Changed the impulse start (zero) time to be first point response exceeds 10% of the peak amplitude (1% of peak energy)
Various GUI updates to correct layout and formatting problems on Mac
Various bug fixes as detailed in the revision history

V4.10 is available as a Windows installer executable, an OS X application bundle and a set of
jar files for Linux and other java platforms.


----------



## crackyflipside (Jul 8, 2006)

*Re: REW V4.10 release*

Wow guys, this is spectacular!


----------



## Scotty79 (Feb 2, 2008)

*Re: REW V4.10 release*

Great Work! This has just become the one package needed for 99% of analysis tasks! well done.
:clap::clap:


----------



## krunk (Jan 28, 2007)

*Re: REW V4.10 release*

:T:yay::jump:
Great work guys!


----------



## TiEcs (Feb 7, 2008)

*Re: REW V4.10 release*

Thanks, this is really great


----------



## Glyptoron (Apr 20, 2006)

*Re: REW V4.10 release*

A small comma problem appears when you try to import data from ETF5.
*John M.* kindly answered to the ETF5 user that I am.
" The problem with the file is that it uses a mix of decimal delimiters, with comma used as the delimiter in the frequency but decimal point in the spl, it should really be either one or the other. If you want to do more than look at frequency responses you are best importing the impulse response from the pcm data. "

Thank you very much for quick reply and this *free* great work .

In french, now !
ETF5 exporte les données texte sous cette forme :
,"t= 0 ms."
"0",-635.6103
"50,1709",103.3522
entre les guillemets, nous avons la fréquence ;
après « ", », nous avons le niveau SPL

La dernière version de REW ne peut pas importer les données sous cette forme.

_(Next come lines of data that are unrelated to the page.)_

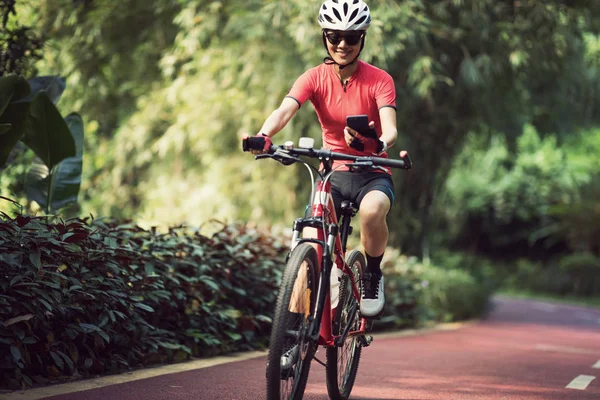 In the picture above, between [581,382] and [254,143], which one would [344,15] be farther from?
[581,382]

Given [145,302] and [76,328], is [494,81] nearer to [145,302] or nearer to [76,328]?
[145,302]

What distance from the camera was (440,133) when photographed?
17.4 m

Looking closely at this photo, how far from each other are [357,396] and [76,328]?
1.89 m

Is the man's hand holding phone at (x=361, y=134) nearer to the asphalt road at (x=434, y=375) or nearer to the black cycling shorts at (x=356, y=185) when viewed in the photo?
the black cycling shorts at (x=356, y=185)

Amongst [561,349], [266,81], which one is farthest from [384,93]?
[266,81]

Il faut transformer les virgules des fréquences en points.
Avec le Bloc-notes de Windows, la manœuvre n’est pas compliquée. On procède comme suit :
1)	Edition _ Remplacer « ", » par « "xxx » par exemple
2)	Edition _ Remplacer « , » par « . »
3)	Edition _ Remplacer « "xxx » par « ", »
et on obtient le résultat suivant :
."t= 0 ms."
"0",-635.6103
"50.1709",103.3522
Il ne vous reste plus qu’à enregistrer le fichier.

Une autre méthode :
modifier les options régionales dans le panneau de configuration Windows (CE QUI VA INFLUER SUR TOUS VOS DOCUMENTS BUREAUTIQUES...), choisir le « . » comme séparateur de décimale, relancer tous vos fichiers dans ETF5 et exporter les données texte pour écraser les anciens fichiers. A éviter, AMHA.

English people have the famous Oxford comma http://www.askoxford.com/asktheexperts/faq/aboutother/oxfordcomma
and we, french speakers, have a comma as a decimal delimiter.


----------



## Blaser (Aug 28, 2006)

*Re: REW V4.10 release*

Bernard,

Es-ce un effort de renforcer la francophonie aux Etas-Unis? :bigsmile: Just kiddin':neener:

John,
Thank you so much and congratulations for the improvements!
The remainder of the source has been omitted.